Why doesn't water burn?

by | Aug 11, 2009 04:36 PM ET

You Asked:

Why doesn't water burn? --- Kit, Twain, Calif.

Marshall Brain Answered:

In chemistry we define the word burn to mean: "to undergo combustion, either fast or slow; to oxidize." So when gasoline "burns", the carbon and hydrogen atoms in the gas rapidly combine with oxygen atoms in the air to form CO2 and H2O. When charcoal "burns", the carbon atoms in the chacoal combine with oxygen atoms in the air to form CO2. When iron or steel "burns", the iron atoms in the piece of iron combine with oxygen atoms in the air to form rust. Normally the process is very slow. But if you create small enough pieces of iron, like that seen in steel wool, the burning happens quite quickly, like this:

If you spin a big piece of burning steel wool in the air, it will create a huge cascade of flying sparks as the steel quickly burns. (I'm not recommending that you do this - but people do do it. Search on YouTube sometime.)

So, why won't water burn?

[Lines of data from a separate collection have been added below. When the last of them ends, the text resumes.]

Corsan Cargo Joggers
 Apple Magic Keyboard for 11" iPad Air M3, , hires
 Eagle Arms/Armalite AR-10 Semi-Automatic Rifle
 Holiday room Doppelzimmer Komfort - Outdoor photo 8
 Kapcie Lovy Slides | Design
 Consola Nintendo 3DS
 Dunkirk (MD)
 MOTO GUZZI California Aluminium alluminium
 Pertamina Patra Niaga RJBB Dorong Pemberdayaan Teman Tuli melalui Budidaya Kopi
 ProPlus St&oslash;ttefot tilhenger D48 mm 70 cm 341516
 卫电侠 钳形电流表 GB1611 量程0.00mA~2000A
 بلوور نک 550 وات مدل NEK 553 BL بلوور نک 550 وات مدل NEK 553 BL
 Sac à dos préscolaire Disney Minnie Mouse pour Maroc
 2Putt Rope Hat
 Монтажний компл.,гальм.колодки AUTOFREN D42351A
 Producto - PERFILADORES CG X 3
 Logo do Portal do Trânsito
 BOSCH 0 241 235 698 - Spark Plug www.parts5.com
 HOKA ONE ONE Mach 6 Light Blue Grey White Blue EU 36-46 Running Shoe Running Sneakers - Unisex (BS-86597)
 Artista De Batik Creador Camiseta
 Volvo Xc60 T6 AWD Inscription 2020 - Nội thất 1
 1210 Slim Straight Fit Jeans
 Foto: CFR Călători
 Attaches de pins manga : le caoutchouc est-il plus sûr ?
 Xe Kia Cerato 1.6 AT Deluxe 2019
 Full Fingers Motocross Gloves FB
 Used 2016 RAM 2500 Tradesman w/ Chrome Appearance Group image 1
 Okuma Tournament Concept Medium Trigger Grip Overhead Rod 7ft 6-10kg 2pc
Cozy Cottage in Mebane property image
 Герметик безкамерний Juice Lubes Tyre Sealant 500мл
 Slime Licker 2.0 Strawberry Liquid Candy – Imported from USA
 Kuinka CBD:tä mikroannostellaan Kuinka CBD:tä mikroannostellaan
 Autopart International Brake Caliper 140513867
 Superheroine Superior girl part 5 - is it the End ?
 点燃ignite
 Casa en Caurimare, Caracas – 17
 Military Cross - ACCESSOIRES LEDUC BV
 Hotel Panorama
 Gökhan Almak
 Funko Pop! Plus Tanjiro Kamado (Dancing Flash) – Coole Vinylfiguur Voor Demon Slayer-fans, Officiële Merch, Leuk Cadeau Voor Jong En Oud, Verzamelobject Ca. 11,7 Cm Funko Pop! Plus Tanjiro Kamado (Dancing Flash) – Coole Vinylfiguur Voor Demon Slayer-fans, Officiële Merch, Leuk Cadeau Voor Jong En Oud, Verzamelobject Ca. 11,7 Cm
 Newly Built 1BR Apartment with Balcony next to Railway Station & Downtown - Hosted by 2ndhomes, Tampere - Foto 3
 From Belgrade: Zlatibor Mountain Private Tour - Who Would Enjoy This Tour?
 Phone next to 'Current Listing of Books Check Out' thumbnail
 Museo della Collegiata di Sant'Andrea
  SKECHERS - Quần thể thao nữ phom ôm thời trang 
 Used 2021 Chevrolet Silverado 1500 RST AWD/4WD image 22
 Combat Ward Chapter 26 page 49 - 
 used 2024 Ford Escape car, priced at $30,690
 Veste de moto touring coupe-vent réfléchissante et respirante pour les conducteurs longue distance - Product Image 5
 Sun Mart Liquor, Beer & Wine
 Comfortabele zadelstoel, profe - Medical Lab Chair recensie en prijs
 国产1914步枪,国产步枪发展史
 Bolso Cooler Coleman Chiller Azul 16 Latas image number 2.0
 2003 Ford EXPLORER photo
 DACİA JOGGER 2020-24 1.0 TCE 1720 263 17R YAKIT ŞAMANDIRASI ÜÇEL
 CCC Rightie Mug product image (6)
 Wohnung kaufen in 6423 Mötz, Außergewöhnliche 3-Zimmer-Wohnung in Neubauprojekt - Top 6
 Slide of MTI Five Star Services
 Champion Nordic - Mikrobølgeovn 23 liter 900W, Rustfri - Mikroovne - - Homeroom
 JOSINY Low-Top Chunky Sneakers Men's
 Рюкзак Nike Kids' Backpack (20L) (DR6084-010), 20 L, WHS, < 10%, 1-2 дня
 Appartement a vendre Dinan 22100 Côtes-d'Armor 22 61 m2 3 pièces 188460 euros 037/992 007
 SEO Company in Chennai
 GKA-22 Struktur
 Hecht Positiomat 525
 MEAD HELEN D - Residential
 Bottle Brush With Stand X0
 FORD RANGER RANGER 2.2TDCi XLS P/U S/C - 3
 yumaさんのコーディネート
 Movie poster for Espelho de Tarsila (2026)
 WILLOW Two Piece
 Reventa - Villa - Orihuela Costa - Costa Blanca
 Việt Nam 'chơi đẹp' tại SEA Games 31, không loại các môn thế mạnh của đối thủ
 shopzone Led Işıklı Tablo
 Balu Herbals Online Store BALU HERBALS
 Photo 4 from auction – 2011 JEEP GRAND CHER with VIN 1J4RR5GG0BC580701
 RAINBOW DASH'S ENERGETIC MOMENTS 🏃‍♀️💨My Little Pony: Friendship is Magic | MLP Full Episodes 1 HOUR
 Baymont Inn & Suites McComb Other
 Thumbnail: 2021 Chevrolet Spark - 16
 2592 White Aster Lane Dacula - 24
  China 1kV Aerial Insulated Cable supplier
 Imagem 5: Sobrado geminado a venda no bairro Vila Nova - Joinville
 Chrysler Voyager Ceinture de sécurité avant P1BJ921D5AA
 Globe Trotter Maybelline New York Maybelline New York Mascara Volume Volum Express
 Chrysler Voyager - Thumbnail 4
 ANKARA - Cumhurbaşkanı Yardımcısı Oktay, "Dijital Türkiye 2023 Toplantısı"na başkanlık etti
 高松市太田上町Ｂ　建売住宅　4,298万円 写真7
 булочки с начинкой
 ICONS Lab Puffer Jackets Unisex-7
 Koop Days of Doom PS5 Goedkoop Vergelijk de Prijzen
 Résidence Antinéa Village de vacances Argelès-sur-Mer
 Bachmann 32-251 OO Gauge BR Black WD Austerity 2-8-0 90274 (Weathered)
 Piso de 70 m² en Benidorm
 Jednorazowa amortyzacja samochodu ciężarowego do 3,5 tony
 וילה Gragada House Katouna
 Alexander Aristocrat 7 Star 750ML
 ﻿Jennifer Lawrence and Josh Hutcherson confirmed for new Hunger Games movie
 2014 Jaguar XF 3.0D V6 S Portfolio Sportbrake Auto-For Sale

It's because the burning has already happened. When the hydrogen reacted with oxygen - in other words, when the hydrogen "burned" - water was the result.

A side question - why is water good at extinguishing some types of fire - for example wood and paper fires? The water absorbs into the wood or paper and blocks the flow of oxygen. The water also cools the burning wood or paper down well below its flash point.